Problem to solve: In the material below, find the line with "Finishing Touch Flawless" and the line with "3.65 ctw Tanzanite", then output those two lines and every line between them, exactly.
Start of Input records
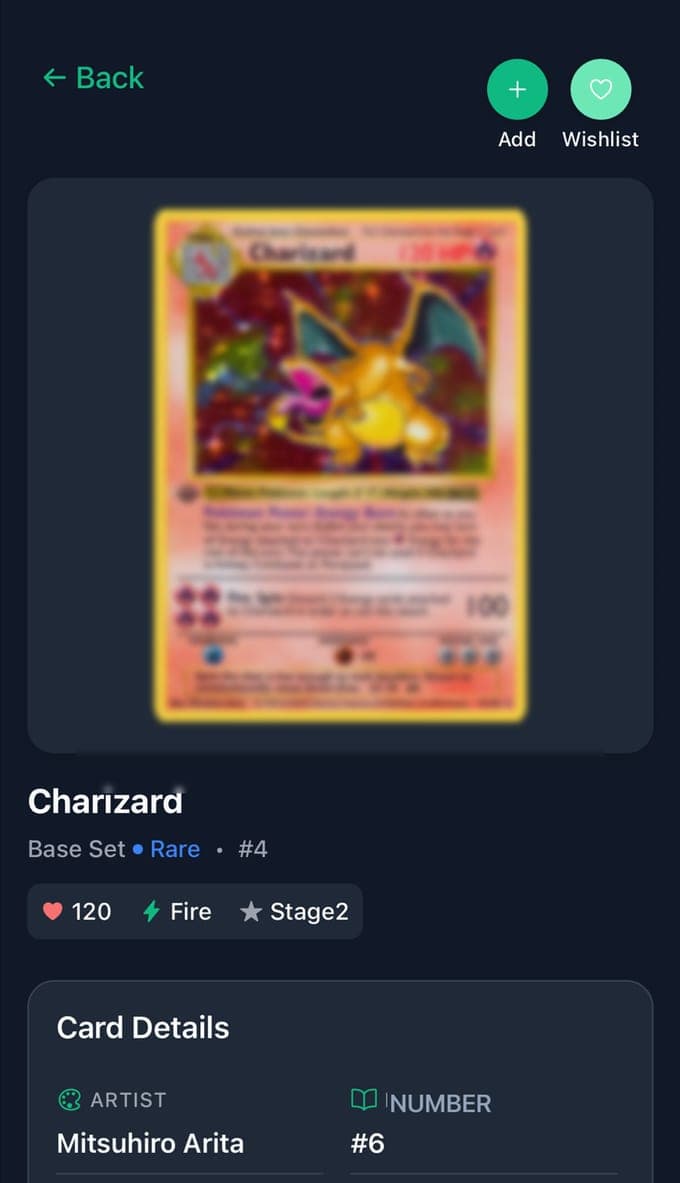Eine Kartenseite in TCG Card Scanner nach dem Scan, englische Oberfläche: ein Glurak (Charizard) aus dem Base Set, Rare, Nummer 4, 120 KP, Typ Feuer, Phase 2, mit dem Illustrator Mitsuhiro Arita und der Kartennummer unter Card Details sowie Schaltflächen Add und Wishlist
End of Input records
Start of Input records
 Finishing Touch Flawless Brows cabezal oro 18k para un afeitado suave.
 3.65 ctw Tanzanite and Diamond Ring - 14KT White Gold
End of Input records
Start of Input records
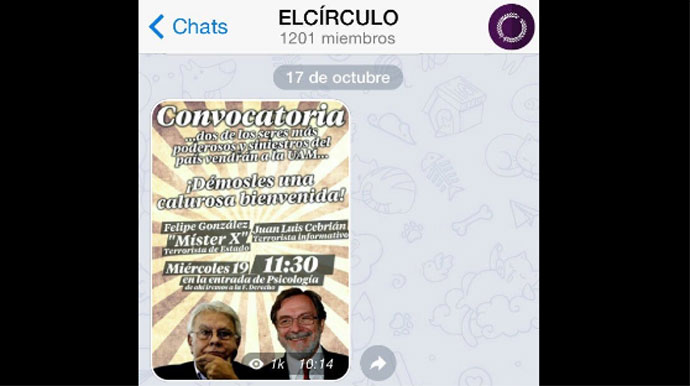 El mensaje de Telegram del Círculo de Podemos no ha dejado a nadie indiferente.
End of Input records
Written solution:
 Finishing Touch Flawless Brows cabezal oro 18k para un afeitado suave.
 3.65 ctw Tanzanite and Diamond Ring - 14KT White Gold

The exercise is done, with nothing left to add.